Respiratory infection with rhinovirus interferes with the induction of tolerance to aeroallergens (P6007)

Abstract

Abstract Respiratory viral infections can influence the course of asthma at different time points. Rhinovirus (RV) infections during early age associate with a higher frequency of asthma in later childhood. Because airway exposure to innocuous antigen normally engenders T cell tolerance and prevents the development of airway inflammation, we examined the effect of RV infection on airway tolerance induced by exposure to intranasal OVA. We found that simultaneous infection with RV1B, a minor serotype, that binds LDL receptors in mice, abrogated tolerance induced by exposure to OVA, suppressing the generation of antigen-specific CD4+forkhead box protein 3 (FOXP3)+ regulatory T (Treg) cells while at the same time promoting IL-4-secreting effector CD4+ T cells.

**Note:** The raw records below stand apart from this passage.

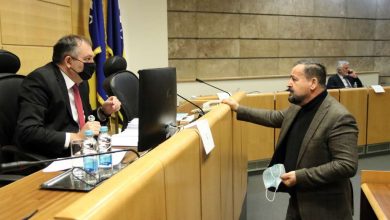 Photo of Dom naroda PFBiH danas glasa o izboru četvrtog sudije Ustavnog suda Federacije BiH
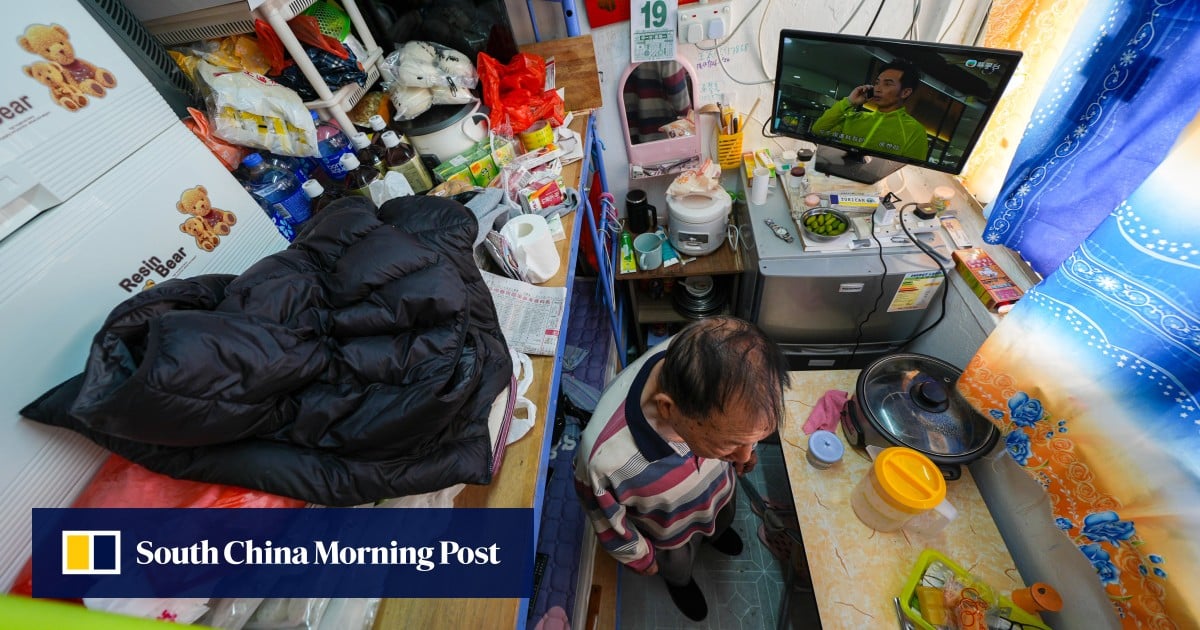 Only 1 Hong Kong landlord seeks subdivided flat approval as new law takes effect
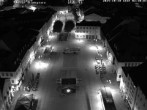Archiv Foto Webcam Deggendorf mit Blick auf den oberen Stadtplatz 01:00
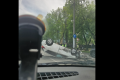 Accident grav pe Bulevardul Geniului, Sector 6: Șofer, implicat într-un alt incident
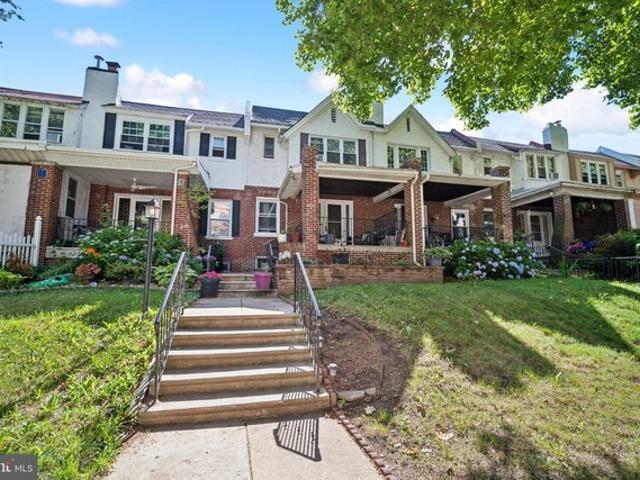 Townhouse for sale in Philadelphia, Pennsylvania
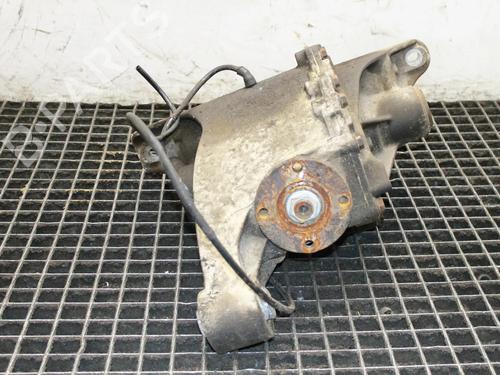 Used Other Other LAND ROVER DISCOVERY IV (L319) 3.0 TD 4x4 (245 hp) 39834214 39834214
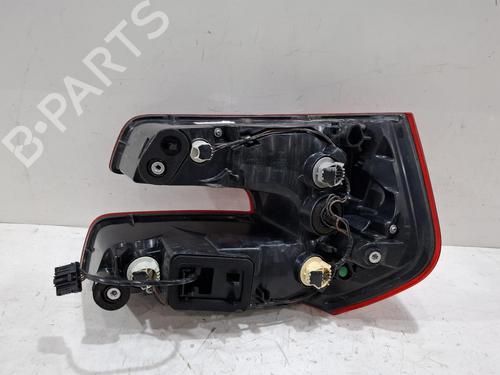 Right taillight CITROËN C4 Picasso II 1.6 HDi / BlueHDi 115 | BP39587249C35 - Image 4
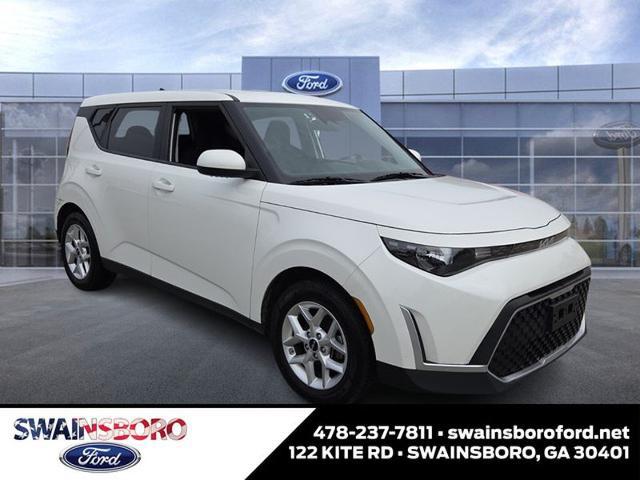 2023 Kia Soul LX for sale in Swainsboro, GA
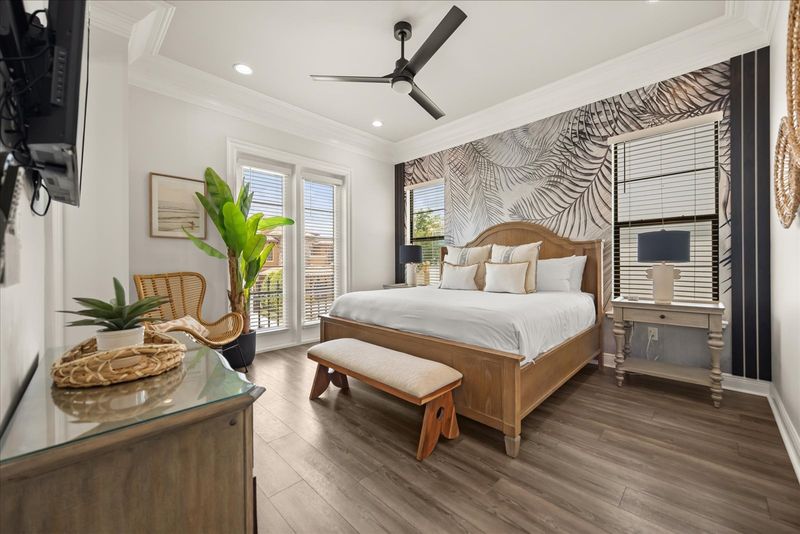 This room will become your new happy place!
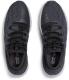 Under Armour Buty męskie UA Charged Reactor Run czarne r. 45 (1298534-100) 3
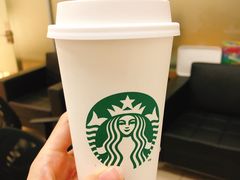 -星巴克(深圳前进天虹店)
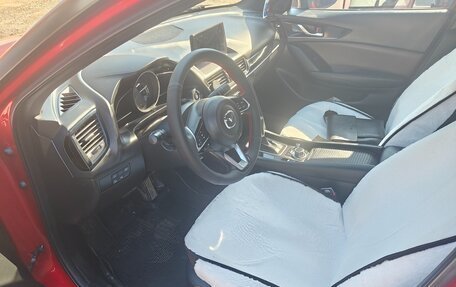 Mazda CX-4, 2021 год, 2 400 000 рублей, 18 фотография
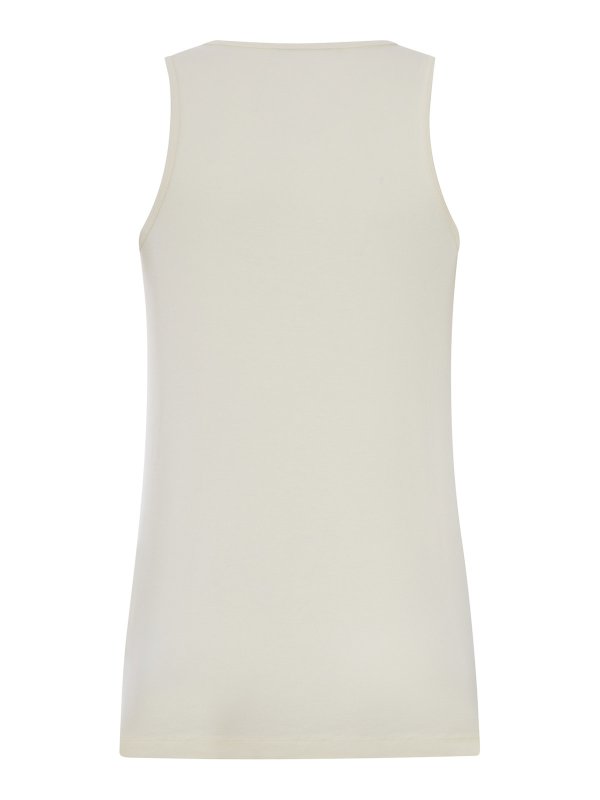 Top - Nude shop online: LEMAIRE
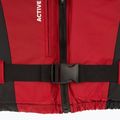 Gilet di sicurezza AQUASTIC Active 50N rosso 4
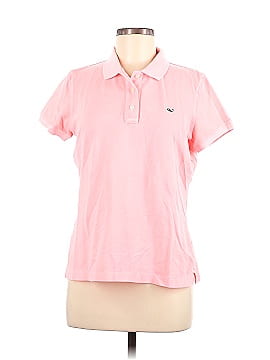 Vineyard Vines Short Sleeve Polo (view 1)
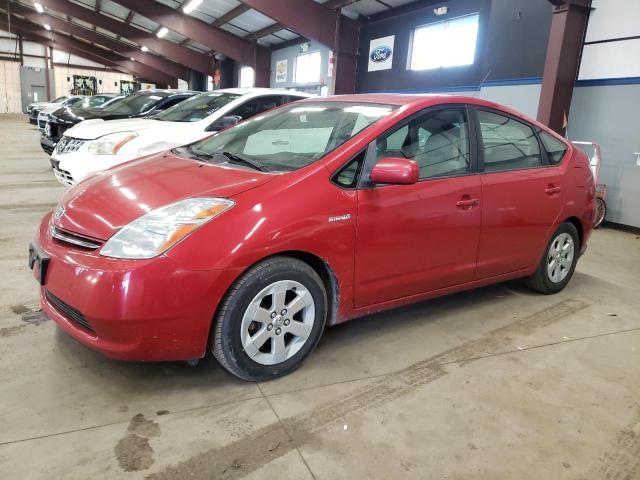 TOYOTA PRIUS 2007 jtdkb20u077645055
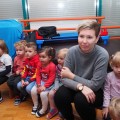 Klub wesołych czarownic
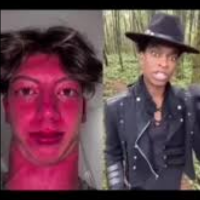 THE RACIST DECK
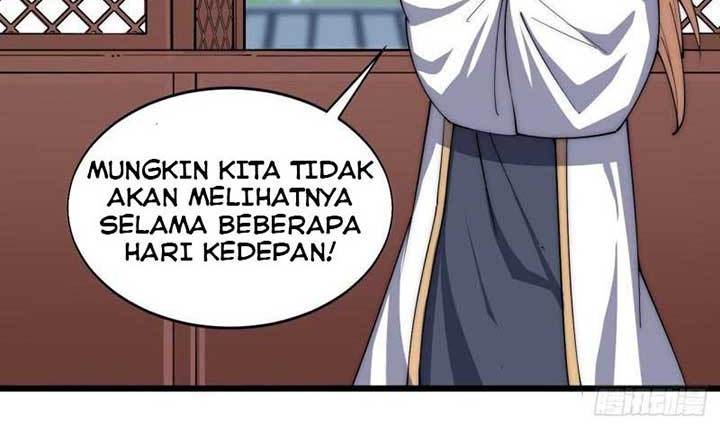 To Be Immortal for 9000 Years Chapter 29 - halaman 6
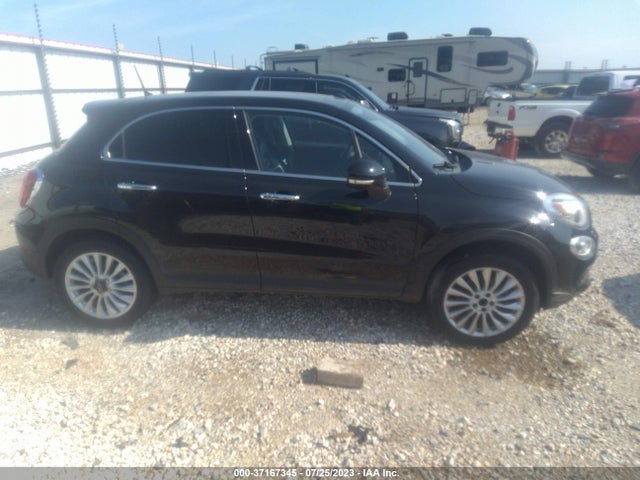 ZFBCFYDT1GP379982 Fiat 500x Lounge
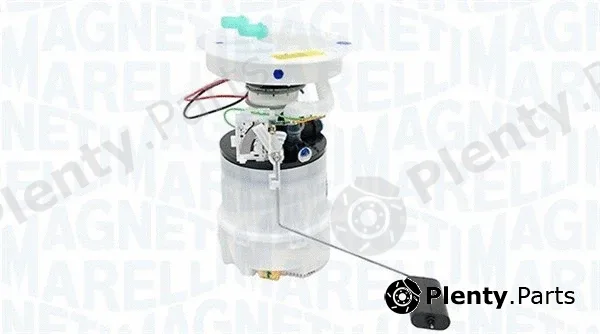 Magneti Marelli 519700000069 — Fuel Gauge GA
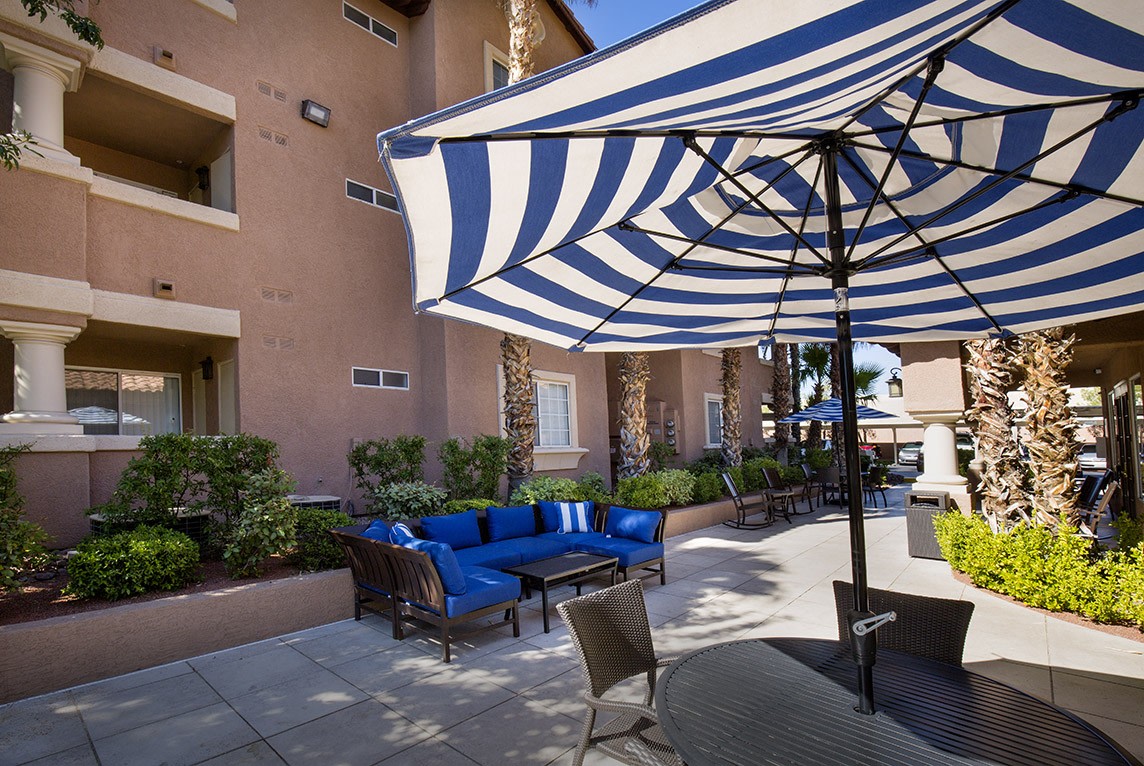 Winterhaven by Welltower Living Image 11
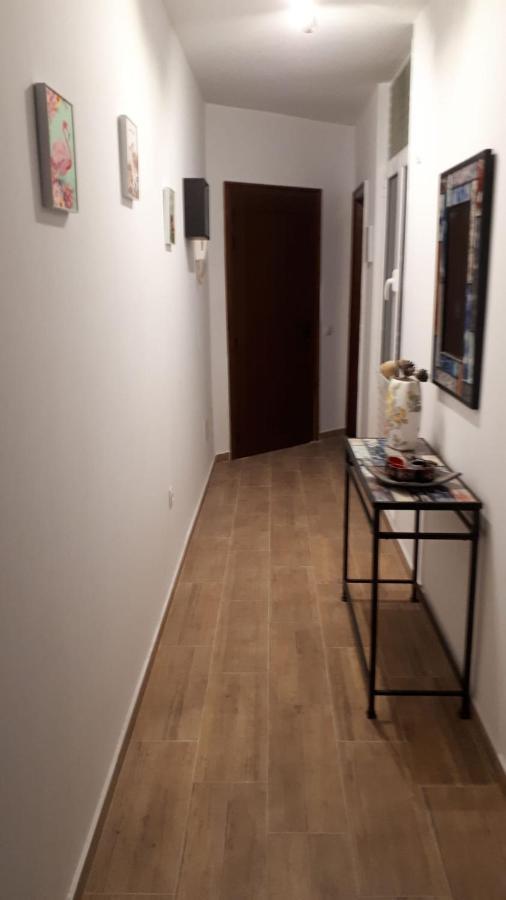 Apartamento Canary Style 2 Las Canteras Лас-Пальмас-де-Гран-Канария Экстерьер фото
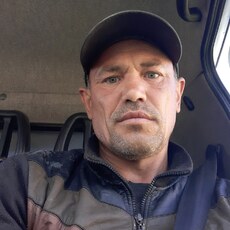 Фотография мужчины Михаил, 47 лет из г. Калтан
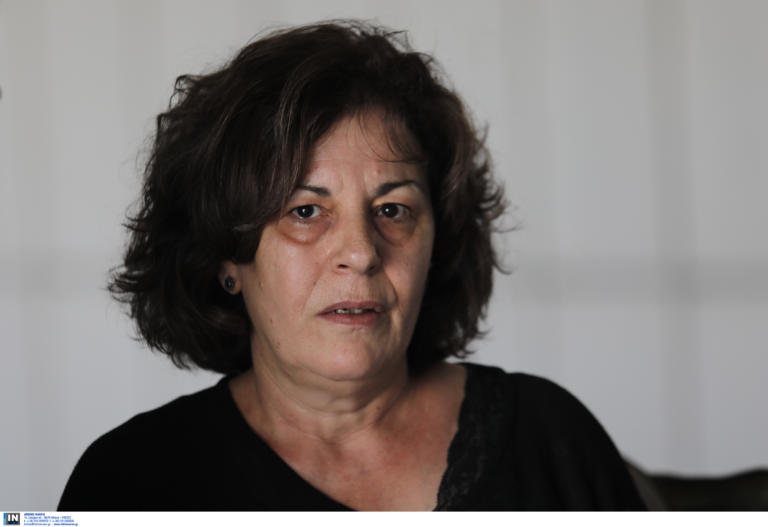 Μάγδα Φύσσα: Δεν τελειώσαμε με τον φασισμό επειδή μπήκε φυλακή η Χρυσή Αυγή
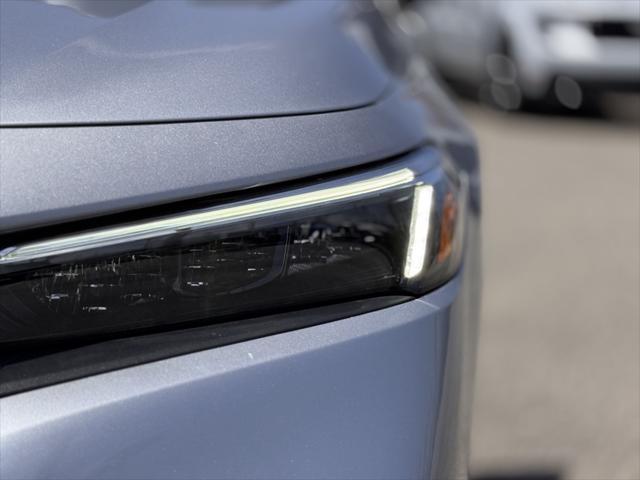 used 2022 Honda Civic car, priced at $22,191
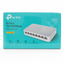 TP-Link TL-SF1008D 8-Port 10/100Mbps Desktop Switch - White
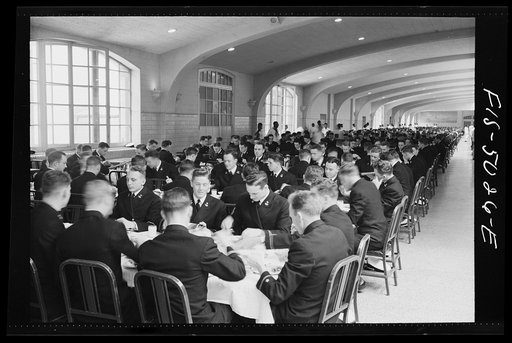 U.S. Naval Academy, Annapolis, Maryland
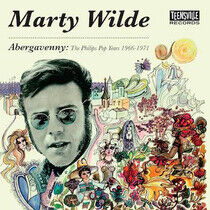 Wilde, Marty - Abergavenny: the..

Rhinovirus infection in-vivo resulted in selective lung expression of the innate cytokines thymic stromal lymphopoietin (TSLP) and IL-33, and the T cell costimulatory TNF family molecule OX40L that is regulated by TSLP. Furthermore, RV infection subsequently resulted in full susceptibility to develop asthmatic disease, which was blocked by targeting TSLPR, IL-33R, or OX40L. These results suggest that RV infection of the respiratory tract can prevent the induction of tolerance to inhaled antigen through a mechanism involving TSLP, IL-33 and OX40L that results in susceptibility to developing acute allergic lung inflammation.